[Opening AVAILABLE DATA section]
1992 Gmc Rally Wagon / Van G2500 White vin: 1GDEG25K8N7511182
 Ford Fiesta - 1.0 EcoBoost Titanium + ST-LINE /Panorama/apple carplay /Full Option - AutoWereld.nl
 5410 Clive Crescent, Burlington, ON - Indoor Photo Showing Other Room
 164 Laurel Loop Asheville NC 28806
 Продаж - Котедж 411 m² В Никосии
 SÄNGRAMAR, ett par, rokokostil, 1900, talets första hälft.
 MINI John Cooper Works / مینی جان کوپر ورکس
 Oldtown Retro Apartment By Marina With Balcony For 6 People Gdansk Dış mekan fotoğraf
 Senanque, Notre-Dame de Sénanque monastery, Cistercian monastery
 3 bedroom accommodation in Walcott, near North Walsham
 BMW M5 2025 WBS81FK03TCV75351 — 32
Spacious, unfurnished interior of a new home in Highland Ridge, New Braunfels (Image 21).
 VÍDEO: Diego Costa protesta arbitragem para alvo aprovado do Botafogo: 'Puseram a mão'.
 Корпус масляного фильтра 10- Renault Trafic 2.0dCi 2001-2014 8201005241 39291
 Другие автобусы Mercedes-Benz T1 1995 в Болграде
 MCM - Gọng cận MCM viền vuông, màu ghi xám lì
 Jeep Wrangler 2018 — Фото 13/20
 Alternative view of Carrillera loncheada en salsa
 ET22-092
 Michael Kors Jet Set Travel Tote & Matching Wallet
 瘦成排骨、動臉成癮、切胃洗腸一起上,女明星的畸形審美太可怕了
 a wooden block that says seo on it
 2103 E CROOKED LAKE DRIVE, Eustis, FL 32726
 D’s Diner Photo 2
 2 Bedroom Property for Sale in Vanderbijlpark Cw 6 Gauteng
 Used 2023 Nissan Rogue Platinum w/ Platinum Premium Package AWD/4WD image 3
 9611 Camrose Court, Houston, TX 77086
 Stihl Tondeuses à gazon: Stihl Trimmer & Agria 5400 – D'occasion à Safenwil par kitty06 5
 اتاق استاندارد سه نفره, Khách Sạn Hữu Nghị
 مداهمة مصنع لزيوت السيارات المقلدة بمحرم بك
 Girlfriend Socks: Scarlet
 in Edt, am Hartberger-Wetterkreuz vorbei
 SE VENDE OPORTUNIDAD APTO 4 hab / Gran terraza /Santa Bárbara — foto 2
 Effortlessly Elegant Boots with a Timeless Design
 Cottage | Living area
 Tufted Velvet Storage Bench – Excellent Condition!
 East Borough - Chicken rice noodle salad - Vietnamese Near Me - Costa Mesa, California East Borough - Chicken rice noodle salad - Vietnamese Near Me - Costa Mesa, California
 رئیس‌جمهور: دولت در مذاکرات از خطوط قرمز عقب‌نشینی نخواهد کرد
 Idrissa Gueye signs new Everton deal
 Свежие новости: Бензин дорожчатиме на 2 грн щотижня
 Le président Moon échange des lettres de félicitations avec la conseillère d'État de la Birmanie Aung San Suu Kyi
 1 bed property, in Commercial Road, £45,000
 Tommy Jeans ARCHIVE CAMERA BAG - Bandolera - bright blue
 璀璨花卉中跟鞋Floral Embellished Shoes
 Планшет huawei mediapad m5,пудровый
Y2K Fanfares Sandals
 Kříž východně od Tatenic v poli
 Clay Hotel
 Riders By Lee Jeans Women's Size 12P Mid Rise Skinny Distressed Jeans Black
[Closing AVAILABLE DATA section]
- [WORK TASK]
Search the records above for the word "Costa", then say how many lines contain it. Give the number alone.

- [EXERCISE SOLUTION]
2